Data below
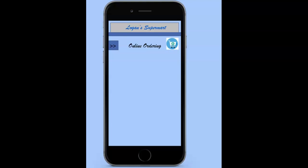Hello, and thank you for joining us today. I really appreciate you taking the time to learn all about the Logan's Online Ordering app. My name is Beth, and I'm with the app design team. Today, I will be leading you through a prototype of this new innovative app that might fit the needs of your business.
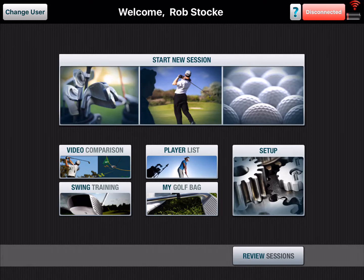Hey, it's Rob Stokey with FlightScope. Today I want to show you some cool features with the VX app that was just released from FlightScope. Some people when I'm doing a demo don't even know about some of these, and it's a great way to follow up with students, keep records, things like that.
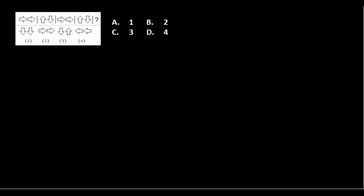So here we go. This is the question in the upper region, and in the bottom, these are the answer options. Don't look at the bottom part, just look at the top region because that's the pattern, that's the series.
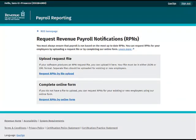You will be brought to the Request RPNs landing screen. In the Complete Online Form section, click the Request RPNs by Online Form link.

Instructions to follow
From the line containing "So here we go." to the end of the data above, give those lines again verbatim, with both endpoints included and no images.

Output
So here we go. This is the question in the upper region, and in the bottom, these are the answer options. Don't look at the bottom part, just look at the top region because that's the pattern, that's the series.
You will be brought to the Request RPNs landing screen. In the Complete Online Form section, click the Request RPNs by Online Form link.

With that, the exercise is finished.